AIPS HELP file for SETMAXAP in 31DEC24
As of Tue Nov 12 9:34:13 2024
SETMAXAP: verb to set maximum dynamic pseudo-AP memory
INPUTS
No adverbs: desired size in Megabytes is given as an
immediate argument. If that argument is missing or
out of range the current size and limits are shown.
Example: SETMAXAP(0) displays current and allowed
limits; SETMAXAP(256) sets limit to 256 Mbytes or
32 Mega words of double precision memory.
HELP SECTION
SETMAXAP
Type: verb
Use: The pseudo-AP in AIPS now uses dynamic memory in a size suited
to the current problem. AIPS has algorithms that can handle
situations in which the problem does not fit into memory. But
it is very hard to determine a reasonable memory to use, since
most operating systems will allow the task to ask for more
memory than it can actually provide. When this happens, the
task will thrash (page fault a lot) and take much more time than
if it were using a smaller memory and one of the small memory
algorithms. This verb lets you adjust this important system
parameter to guide AIPS tasks to work as efficiently as
possible.
The initial limit will be set to 528 Mbytes, but you are allowed
to go up to 2000 Mbytes on 32-bit addressing machines and 12288
Mbytes on 64-bit addressing machines.
The pseudo-AP now uses double precision (8 byte) words. The
limits above are then 192 and 768 Mega words, resp.

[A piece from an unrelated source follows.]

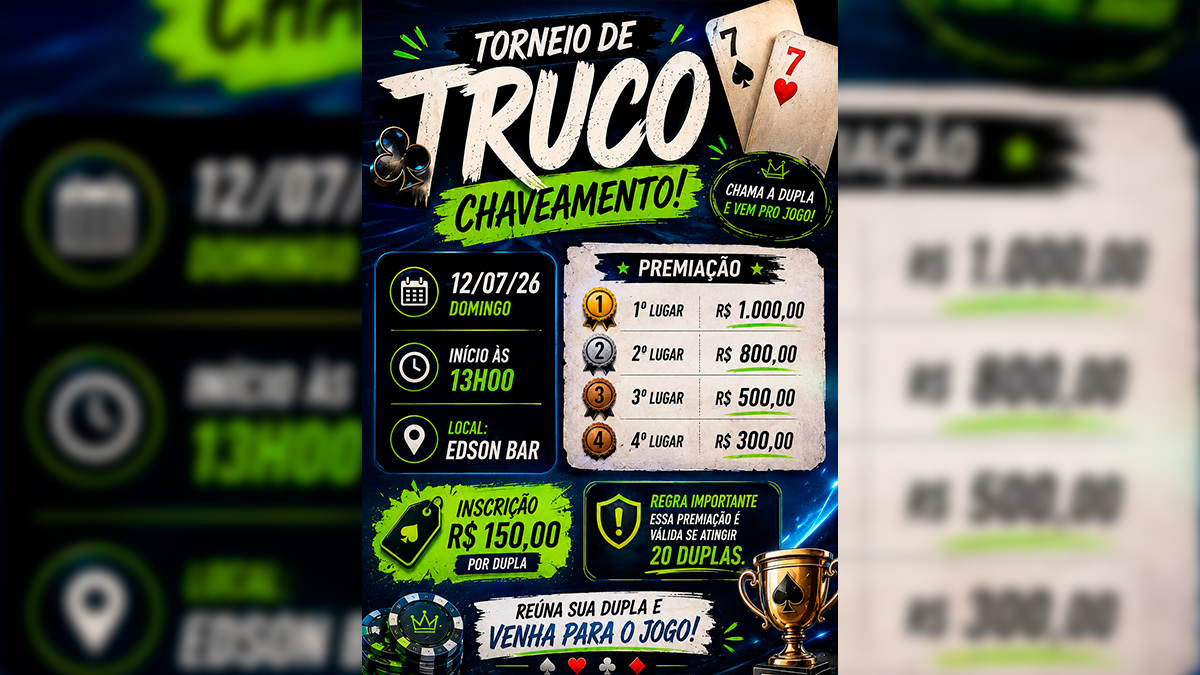 Edson Bar promove Torneio de Truco com mais de R$ 2,5 mil em prêmios neste domingo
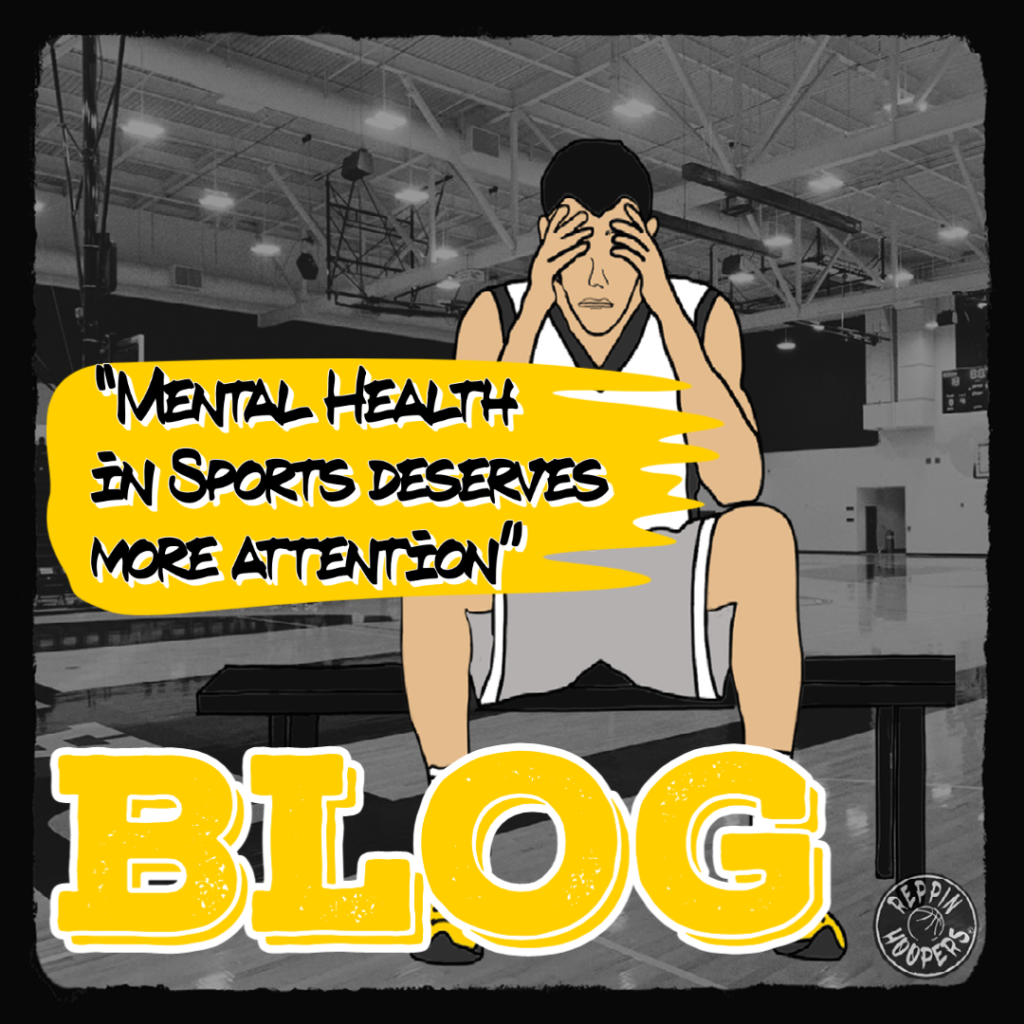 An athlete is sitting on a bench with his head in his hands. The overlaying text says: "Mental health in sports deserves more attention".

Note that operating systems often use up to 512 Mbytes of RAM
these days and there are other programs running on your machine
such as editors, e-mail, and other AIPS tasks.
Adverbs: NONE.
SETMAXAP takes an immediate argument giving the desired limit on
AP size in Megabytes. If the argument is missing or out of
range, the verb will display the current size limit and the
range of allowed size limits. If the argument is in the legal
range, the system parameter will be changed and known to all
AIPS tasks starting on that computer after the verb is run. If
the machine is a multi-user (public) machine, please exercise
caution and be responsible.
Discussion:
Memory is used for the following:
1. Basic operating system functions
2. AIPS.EXE, TV, TeK, message server processes
3. AIPS task - basic needs plus pseudo-AP
4. "swap-memory" used by the OS to hold some or all of your
disk file(s) in memory rather than use much slower disk
5. memory types 3 and 4 for every other task in the system
Note that a task such as IMAGR running on a multi-facet case
can use a lot of pseudo-AP at times when it makes the initial
beams and makes or remakes all the facet images at once. In
between these operations it uses less memory but still reads and
rereads the IMAGR work file repetitively plus at least one image
file. It will work a great deal better if the IMAGR work file
can stay in the swap-memory. Therefore you should estimate the
size of that work file and the costs of parts 1 and 2 before
deciding to max out the pseudo-AP memory. If there is no way
the work file will fit in swap-memory, then you are better off
maxing out the pseudo-AP. In any case, beware of running
several large AIPS tasks at once - they can end up clobering
each other for memory with the agregate taking much longer to
run than it would have taken running them sequentially.
The verb SIZEFILE will tell you the size of your UV data set in
magabytes, returning the value in adverb FSIZE. If you are
imaging all of the IFs and spectral channels in that data set
together, then this will be about the size of your work file.
If you are doing only one of the channels/IFs at a time, the
work file will be slightly larger than FSIZE/n where n is the
total number of channels times IFs in the input data set.